Task directions:
Word for word, restate the listing that follows and leave out the images.

•••••

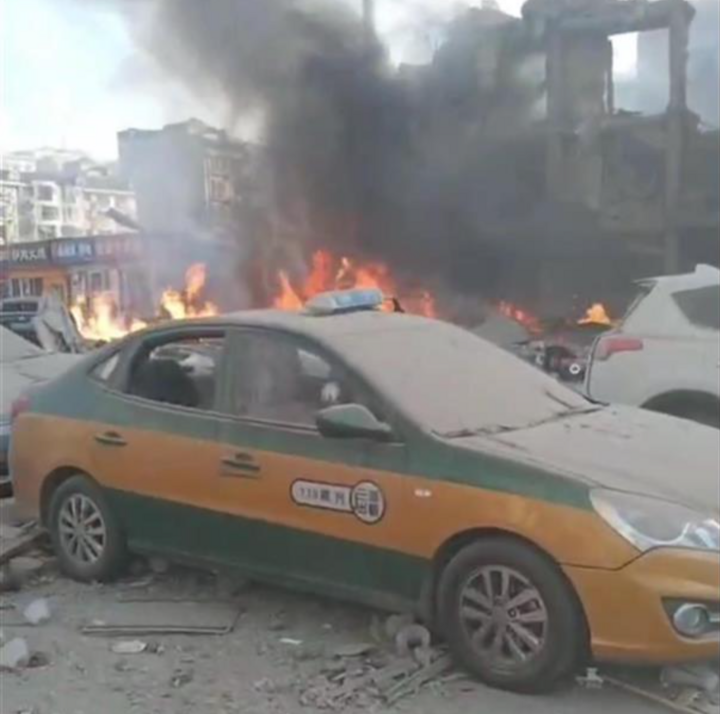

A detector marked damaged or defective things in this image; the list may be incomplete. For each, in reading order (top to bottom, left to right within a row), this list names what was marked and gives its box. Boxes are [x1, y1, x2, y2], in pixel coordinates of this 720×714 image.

broken windshield [334, 320, 592, 436]
damaged car [8, 288, 716, 688]
damaged orange taxi [8, 288, 716, 688]
broken concrete block [0, 636, 30, 672]
broken concrete block [22, 596, 50, 624]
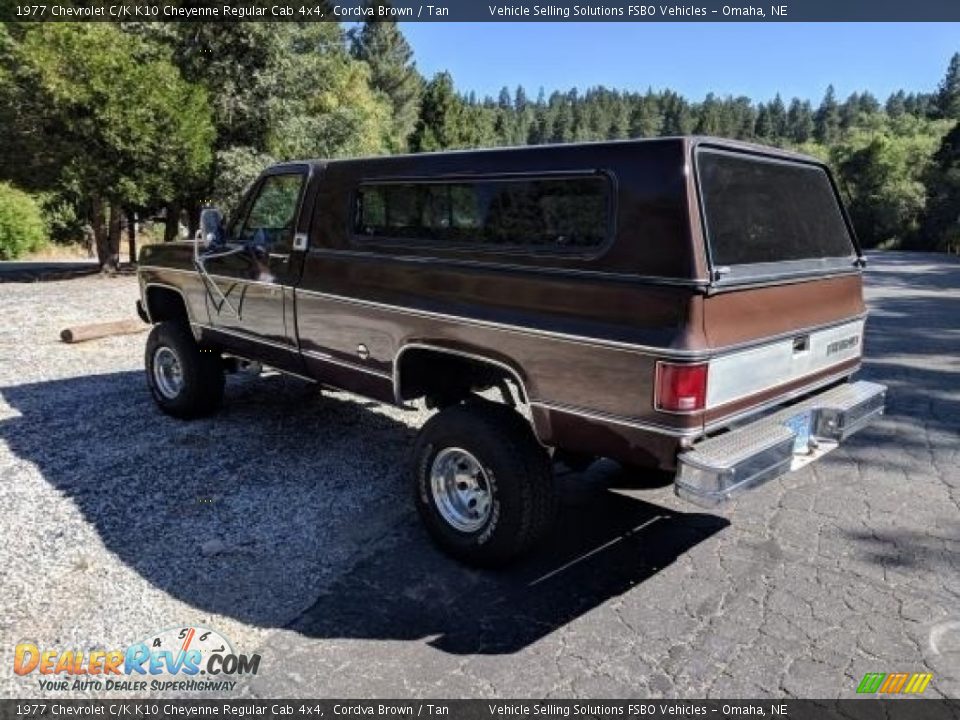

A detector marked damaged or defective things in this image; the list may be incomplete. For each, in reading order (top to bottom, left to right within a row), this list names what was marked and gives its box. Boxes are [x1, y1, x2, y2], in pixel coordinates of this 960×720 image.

cracked pavement [0, 252, 956, 696]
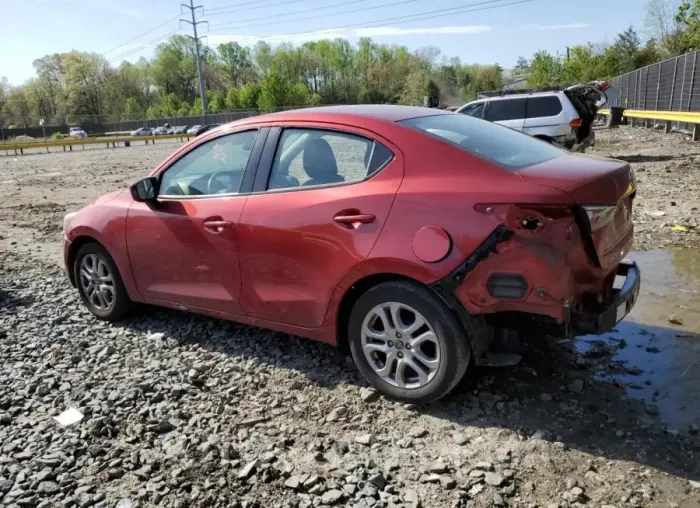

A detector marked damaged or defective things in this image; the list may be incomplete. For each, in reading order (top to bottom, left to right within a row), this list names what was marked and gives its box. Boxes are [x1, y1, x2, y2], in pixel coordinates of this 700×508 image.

damaged red sedan [64, 105, 640, 402]
broken taillight [584, 204, 616, 232]
crushed rear bumper [568, 262, 640, 338]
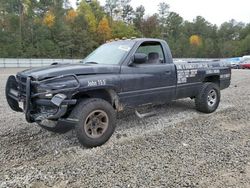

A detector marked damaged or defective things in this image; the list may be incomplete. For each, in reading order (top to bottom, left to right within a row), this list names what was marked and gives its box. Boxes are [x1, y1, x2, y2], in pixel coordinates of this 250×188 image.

damaged vehicle [4, 37, 231, 147]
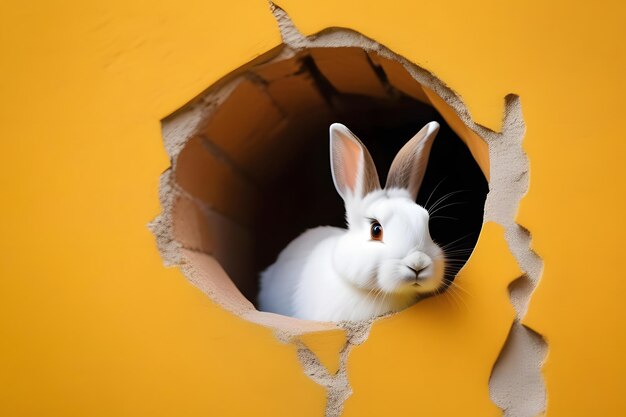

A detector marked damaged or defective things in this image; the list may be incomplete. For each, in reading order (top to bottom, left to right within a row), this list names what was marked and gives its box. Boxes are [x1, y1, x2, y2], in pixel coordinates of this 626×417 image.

ragged edge [268, 1, 544, 414]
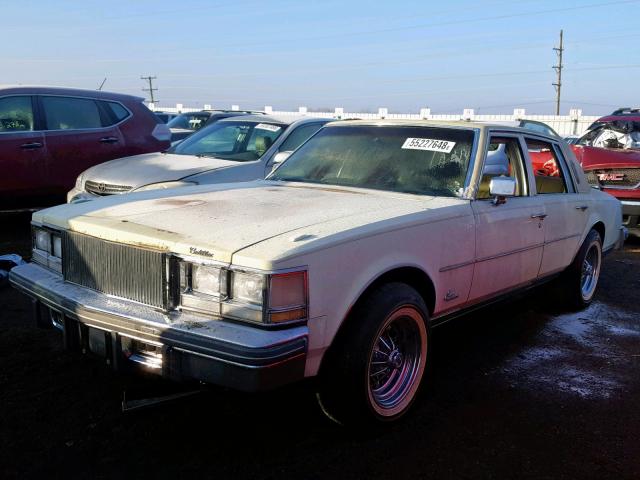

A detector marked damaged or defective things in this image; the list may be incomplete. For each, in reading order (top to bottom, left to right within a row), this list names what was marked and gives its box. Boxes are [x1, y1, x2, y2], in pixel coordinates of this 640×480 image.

rusty hood paint [31, 179, 444, 262]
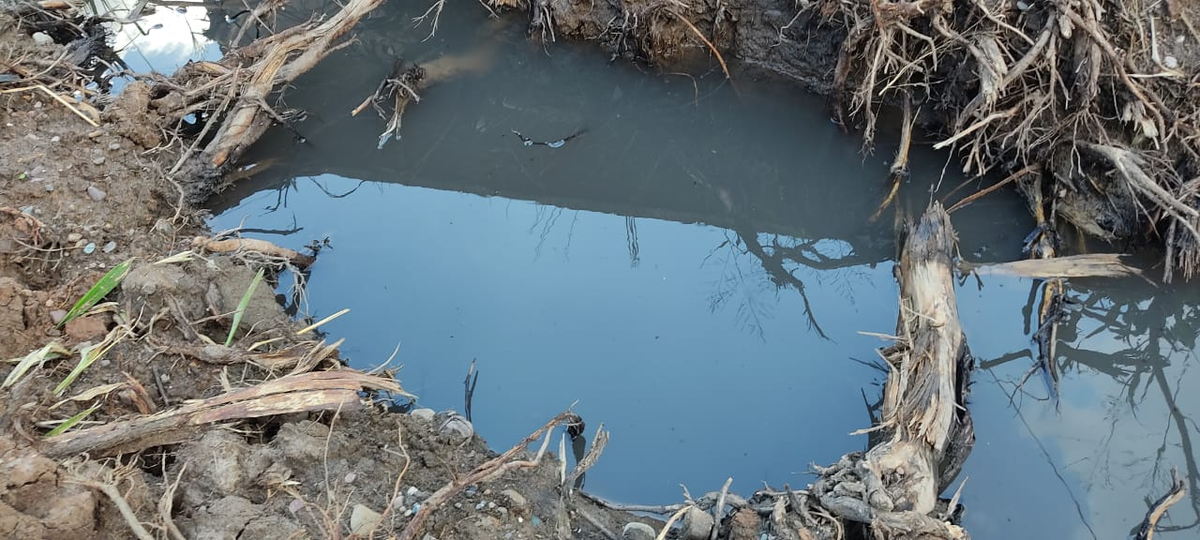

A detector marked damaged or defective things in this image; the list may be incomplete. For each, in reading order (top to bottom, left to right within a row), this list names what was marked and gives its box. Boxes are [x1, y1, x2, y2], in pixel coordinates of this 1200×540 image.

splintered wood [42, 369, 410, 458]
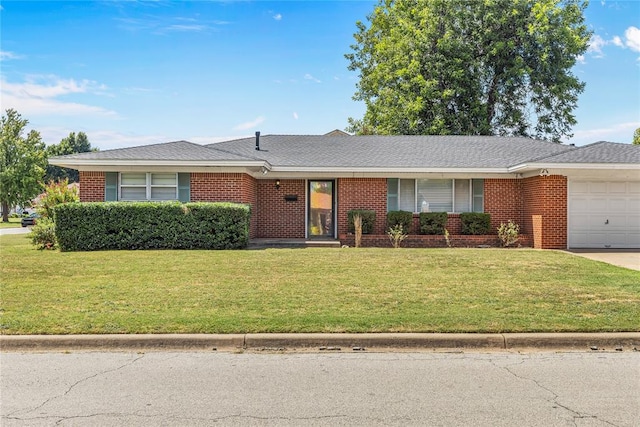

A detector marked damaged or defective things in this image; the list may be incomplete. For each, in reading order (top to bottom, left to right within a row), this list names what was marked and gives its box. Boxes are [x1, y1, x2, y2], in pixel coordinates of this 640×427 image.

cracked asphalt street [0, 352, 636, 426]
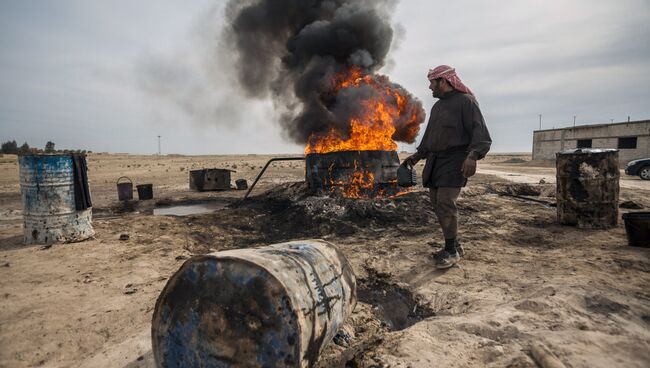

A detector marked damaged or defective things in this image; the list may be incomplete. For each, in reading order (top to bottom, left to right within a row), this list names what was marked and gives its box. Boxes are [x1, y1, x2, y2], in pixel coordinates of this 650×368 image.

rusty barrel [18, 153, 93, 244]
rusted metal drum [19, 153, 94, 244]
rusted metal drum [304, 149, 400, 197]
rusted metal drum [552, 148, 616, 229]
rusty barrel [552, 148, 616, 229]
rusted metal drum [151, 240, 354, 366]
rusty barrel [151, 240, 354, 366]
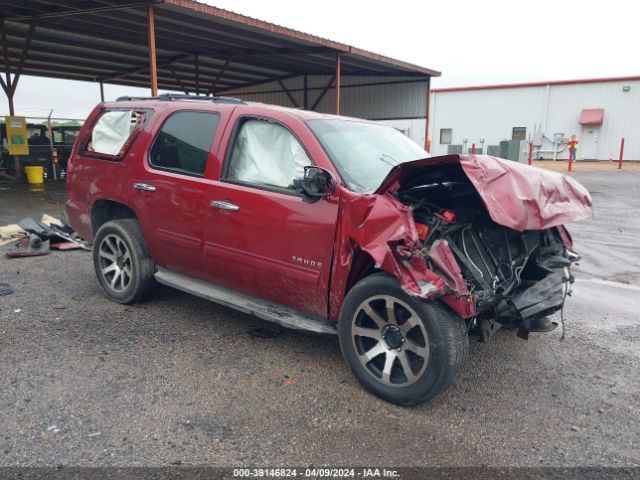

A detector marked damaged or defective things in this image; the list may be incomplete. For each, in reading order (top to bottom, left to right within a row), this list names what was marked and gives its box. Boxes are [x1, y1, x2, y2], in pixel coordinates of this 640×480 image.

crumpled hood [378, 153, 592, 230]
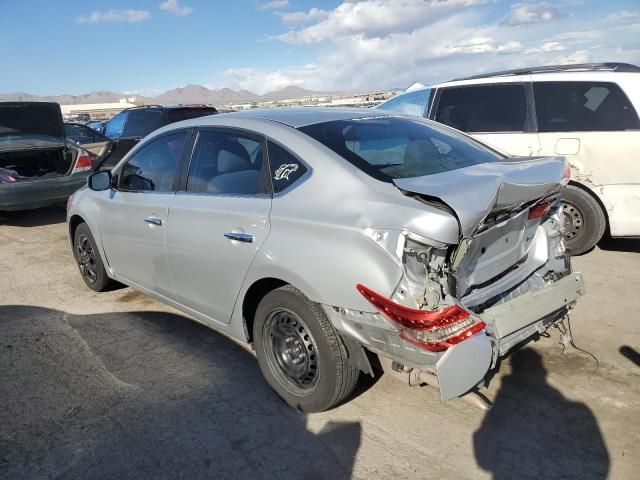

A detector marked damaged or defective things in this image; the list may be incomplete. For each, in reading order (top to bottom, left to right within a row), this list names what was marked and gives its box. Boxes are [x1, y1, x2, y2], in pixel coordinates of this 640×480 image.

damaged white suv [66, 109, 584, 412]
crumpled trunk lid [392, 158, 568, 238]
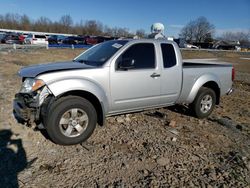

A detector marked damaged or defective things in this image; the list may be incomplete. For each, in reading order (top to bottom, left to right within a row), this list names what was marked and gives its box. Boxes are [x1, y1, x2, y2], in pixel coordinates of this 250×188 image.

crumpled hood [18, 61, 94, 77]
damaged front bumper [13, 86, 51, 125]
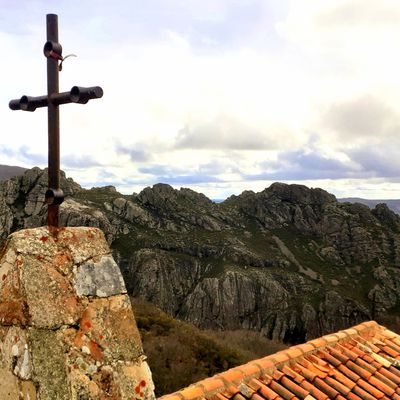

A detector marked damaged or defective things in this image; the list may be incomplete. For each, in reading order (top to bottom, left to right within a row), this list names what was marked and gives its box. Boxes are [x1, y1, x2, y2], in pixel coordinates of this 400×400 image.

rusty iron cross [9, 14, 104, 227]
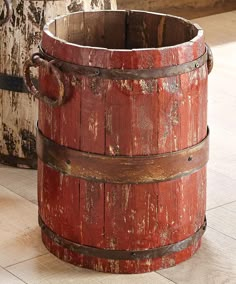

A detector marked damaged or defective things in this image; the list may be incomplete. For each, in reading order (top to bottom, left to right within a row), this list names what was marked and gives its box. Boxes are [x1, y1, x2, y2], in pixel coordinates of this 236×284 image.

rusty metal bracket [23, 52, 66, 107]
rusty iron band [38, 44, 210, 80]
rusty metal bracket [39, 44, 210, 80]
rusty iron band [36, 127, 208, 184]
rusty metal bracket [36, 127, 209, 184]
rusty iron band [38, 215, 206, 260]
rusty metal bracket [38, 215, 206, 260]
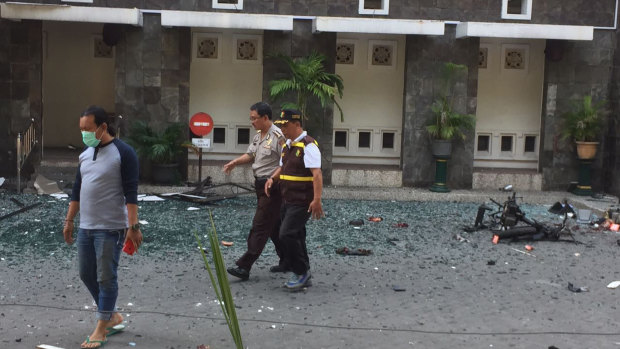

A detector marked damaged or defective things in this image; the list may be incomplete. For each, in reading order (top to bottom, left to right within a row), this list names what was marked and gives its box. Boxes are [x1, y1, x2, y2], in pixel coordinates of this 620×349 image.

damaged structure [0, 0, 616, 194]
destroyed motorcycle [474, 185, 576, 242]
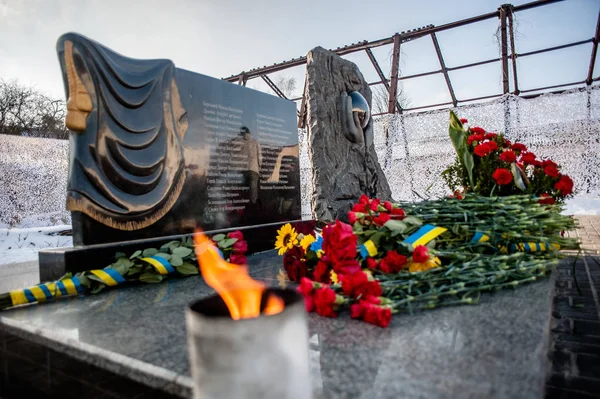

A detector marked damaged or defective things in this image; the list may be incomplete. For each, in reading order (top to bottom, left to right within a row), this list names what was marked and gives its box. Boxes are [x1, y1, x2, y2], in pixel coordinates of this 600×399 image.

rusty metal pole [584, 9, 600, 85]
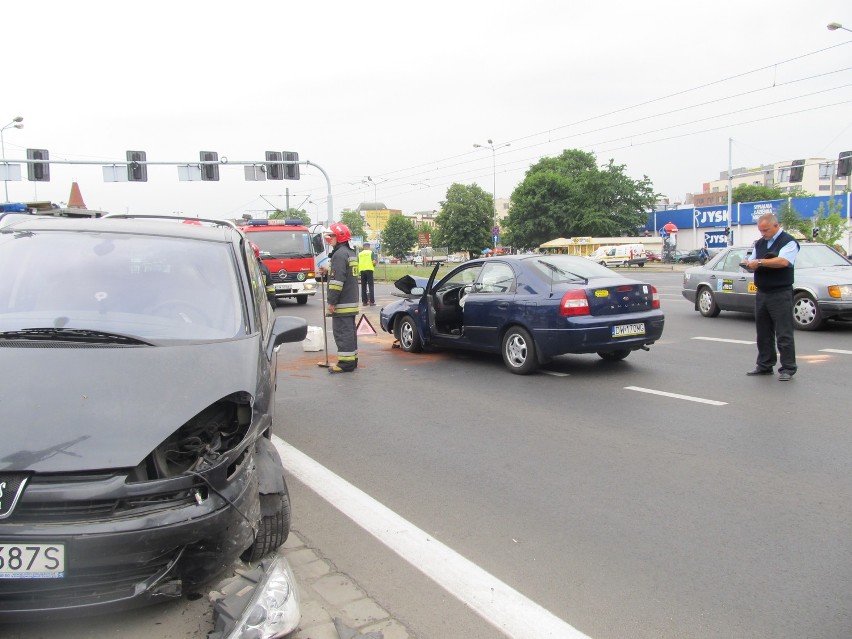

•••••

Expected output:
A detector marked damaged or defective things in this image; the list may be incomplete. For each, in reading order (top to bottom, left to right within a row), this list names what was marked and gives its box. Boxes are [x1, y1, x2, y2], in pixel coordinates of this 720×714 image.

broken windshield [334, 320, 592, 436]
damaged car [8, 288, 716, 688]
damaged orange taxi [8, 288, 716, 688]
broken concrete block [0, 636, 30, 672]
broken concrete block [22, 596, 50, 624]

A detector marked damaged or defective things in this image; the list may be incomplete. For each, in reading order (top to bottom, left to right within a row), this list names what was marked and gives its box. Boxes are [x1, y1, x2, y2], in pixel coordinates of this 960×720 image.

cracked pavement [0, 252, 956, 696]

A detector marked damaged or defective things in this image; the list may be incomplete. For each, in reading order (top to bottom, left to right within a row), this list names what was marked and gives its box. Boxes are [x1, y1, x2, y2], in pixel coordinates of this 700×508 image.

damaged red sedan [64, 105, 640, 402]
broken taillight [584, 204, 616, 232]
crushed rear bumper [568, 262, 640, 338]

A detector marked damaged or defective things in this image; the list may be incomplete. For each, in reading order (top to bottom, left to right within a row), this list names what was marked and gives its box. Boxes are [x1, y1, x2, y2], in pixel coordinates of this 250×188 image.

damaged vehicle [4, 37, 231, 147]

A detector marked damaged or defective things in this image; the list may be incomplete. For each, in reading order (top to bottom, left to right within a row), this list names what was marked and gives its box. Boxes are [x1, y1, x2, y2], in pixel coordinates of this 626×417 image.

ragged edge [268, 1, 544, 414]

A detector marked damaged or defective things in this image; the list may be incomplete. For each, in reading order (top to bottom, left to right within a row), this list names what was marked and gives its box. Boxes are [x1, y1, x2, y2], in pixel coordinates of this 640×480 image.

rusty hood paint [31, 179, 444, 262]

A detector marked damaged or defective things in this image; the list may be incomplete. For each, in reading order (top to bottom, left to right within a row), this list names what was marked and gives its box. Boxes are [x1, y1, x2, y2], in pixel coordinates of this 1200×540 image.

splintered wood [42, 369, 410, 458]

A detector marked damaged or defective things in this image; the list may be incomplete. For each, in reading order (top to bottom, left to right within a row), this list names what was marked and gives its box. Boxes are [x1, y1, x2, y2], in pixel coordinates of this 640×427 image.

cracked asphalt street [0, 352, 636, 426]

A detector marked damaged or defective things in this image; the list may be incomplete. For each, in reading order (top to bottom, left to right within a row), this list names what was marked and gives its box. Boxes are [x1, y1, x2, y2], in pixel coordinates of this 650×368 image.

rusty barrel [18, 153, 93, 244]
rusted metal drum [19, 153, 94, 244]
rusted metal drum [304, 149, 400, 197]
rusted metal drum [552, 148, 616, 229]
rusty barrel [552, 148, 616, 229]
rusted metal drum [151, 240, 354, 366]
rusty barrel [151, 240, 354, 366]

A detector marked damaged or defective things in this image; the list may be incomplete. For each, in reading order (top to bottom, left to right within a row), this list names what was marked and gives its box. Boxes are [x1, y1, x2, y2], in pixel coordinates of this 640×480 image.

crumpled hood [378, 153, 592, 230]

A detector marked damaged or defective things in this image; the list may be incomplete. For each, in reading order (top to bottom, left to right within a row), this list names what was marked and gives its box. Boxes are [x1, y1, x2, y2], in pixel coordinates of this 640×480 image.

damaged white suv [66, 109, 584, 412]
crumpled trunk lid [392, 158, 568, 238]

A detector marked damaged or defective things in this image; the list may be incomplete. For each, in reading order (top to bottom, left to right within a row), this list names what was marked and gives its box. Boxes are [x1, y1, x2, y2], in pixel coordinates of this 250×188 image.

crumpled hood [18, 61, 94, 77]
damaged front bumper [13, 86, 51, 125]

A detector marked damaged or defective things in this image; the list may be incomplete. For each, in reading order (top to bottom, left to right within a row), this list names what was marked and gives its box. Boxes are [x1, y1, x2, y2], in pixel coordinates of this 400×400 image.

rusty iron cross [9, 14, 104, 227]

A detector marked damaged or defective things in this image; the list may be incomplete. For each, in reading order (top to bottom, left to right within a row), this list names what was marked and gives its box. Boxes are [x1, y1, x2, y2], in pixel coordinates of this 236×284 image.

rusty metal bracket [23, 52, 66, 107]
rusty iron band [38, 44, 210, 80]
rusty metal bracket [39, 44, 210, 80]
rusty iron band [36, 127, 208, 184]
rusty metal bracket [36, 127, 209, 184]
rusty iron band [38, 215, 206, 260]
rusty metal bracket [38, 215, 206, 260]

A detector marked damaged or defective things in this image; the list may be incomplete. For each, in reading order (top to bottom, left to right within a row), this list names what was marked and gives its box. Boxes are [x1, y1, x2, y2], in pixel coordinates of this 620×349 image.

damaged structure [0, 0, 616, 194]
destroyed motorcycle [474, 185, 576, 242]

A detector marked damaged or defective things in this image; the list may be incomplete. For each, in reading order (top to bottom, left to right within a row), this list names what was marked and gives its box. Boxes are [x1, y1, x2, y2], in pixel coordinates of this 600×399 image.

rusty metal pole [584, 9, 600, 85]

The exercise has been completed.